Maria Inez Matoso Silveira, Phd. (Universidade Federal de Alagoas)

Resumo: A retextualização é uma prática discursiva muito freqüente nas rotinas de nossas vidas. Neste

artigo, descreve-se sucintamente o processo de retextualização, considerando alguns componentes

importantes, tais como a modalidade (oralidade / escrita) e a noção de gênero textual. Como forma de

aplicação, propõe-se uma atividade de retextualização a partir de uma situação dada.

Palavras-chave: retextualização – oralidade e escrita – gênero textual

1. Introdução

Imagine-se uma situação em que, numa instituição de ensino, o coordenador de

um curso fala para uma turma de alunos avisando sobre um evento que aconteceria na

semana seguinte. Imagine-se também que, depois, um cartaz foi afixado no mural

divulgando esse evento. Quais seriam as diferenças entre os dois textos – o falado, avisando

sobre o evento; e o escrito, também sobre o evento, mas em forma de um cartaz?

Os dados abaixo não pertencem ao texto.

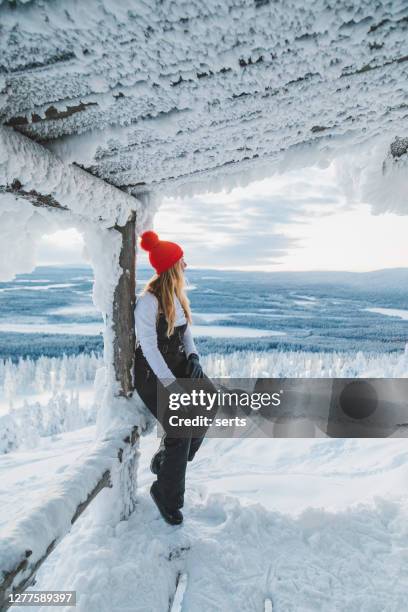 jeune femme appréciant la vue dans le pays des merveilles d’hiver - laponie finlandaise photos et images de collection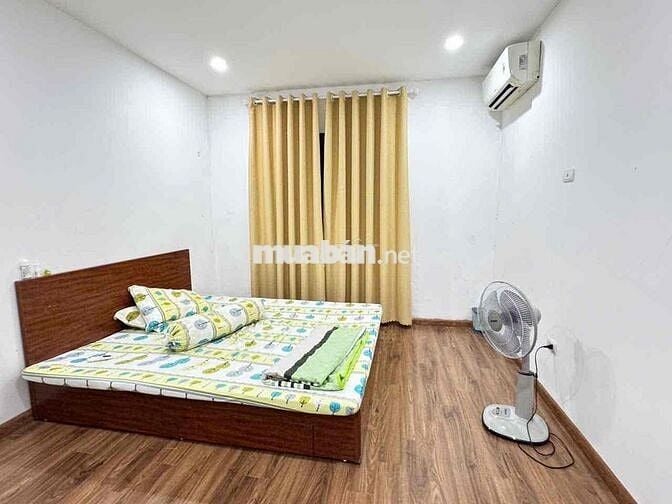 Cho thuê căn hộ cc Samsora Quang Trung, Hà Đông, miễn trung gian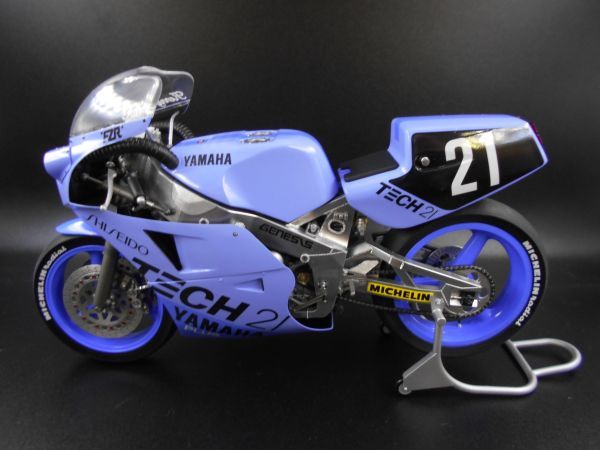 フジミ製 1/12 YAMAHA FZR750 TECH21 1985年鈴鹿8耐仕様 塗装済み完成
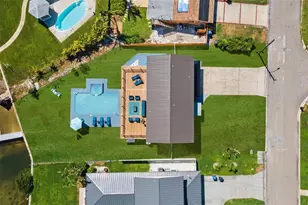 380 Colony Point Rd S, Saint Petersburg, FL 33705 - Photo 56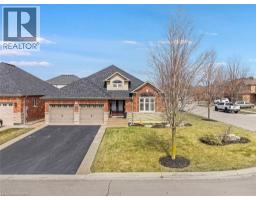 27 CARVER Drive, Binbrook, Ontario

Mesmo identificando-se as diferenças entre o aviso oral e o cartaz escrito,

convém assinalar que os estudos mais recentes sobre as relações entre a oralidade e a

escrita têm mostrado mais semelhanças do que diferenças entre as duas modalidades da

língua. Segundo Marcuschi (2001:45) as relações entre fala e escrita podem ser mais bem

entendidas quando observadas no continuum dos gêneros textuais.2 Esse continuum vai,

por exemplo, desde as conversações pessoais diárias na fala, os bilhetes e cartas pessoais na

escrita, mais voltados à informalidade, passa pelos gêneros orais e escritos dos meios de

comunicação de massa, até os mais formais nas várias “esferas da atividade humana”,

como a academia, a burocracia oficial e empresarial, a medicina, a jurisprudência, o

comércio, etc.

1 Artigo apresentado em mesa-redonda durante o V ELFE – Encontro Nacional de Língua Falada e Escrita – Maceió, novembro de 2006. Publicado posteriormente no livro O ensino da Língua Portuguesa nos anos iniciais: eventos e p´raticas de letramento, organizado por Maria Auxiliadora da S. Cavalcante e Marinaide L. de Queiroz Freitas. EDUFAL, 2008. p.169-179. 2 Gêneros textuais são usos sociais autênticos da língua em situações e contextos específicos e recorrentes. (SILVEIRA, 2005) Os gêneros ocorrem na fala e na escrita, e circulam em todas as atividades humanas. No nosso dia-a-dia, temos a conversa informal, a fofoca, as saudações, as reclamações, a conversa telefônica, etc. Na área da saúde, por exemplo, temos a entrevista médica, que ocorre na oralidade, e temos a prescrição médica, que se realiza na escrita. E assim, os gêneros ocorrem em praticamente todos os setores da vida social, na fala e na escrita.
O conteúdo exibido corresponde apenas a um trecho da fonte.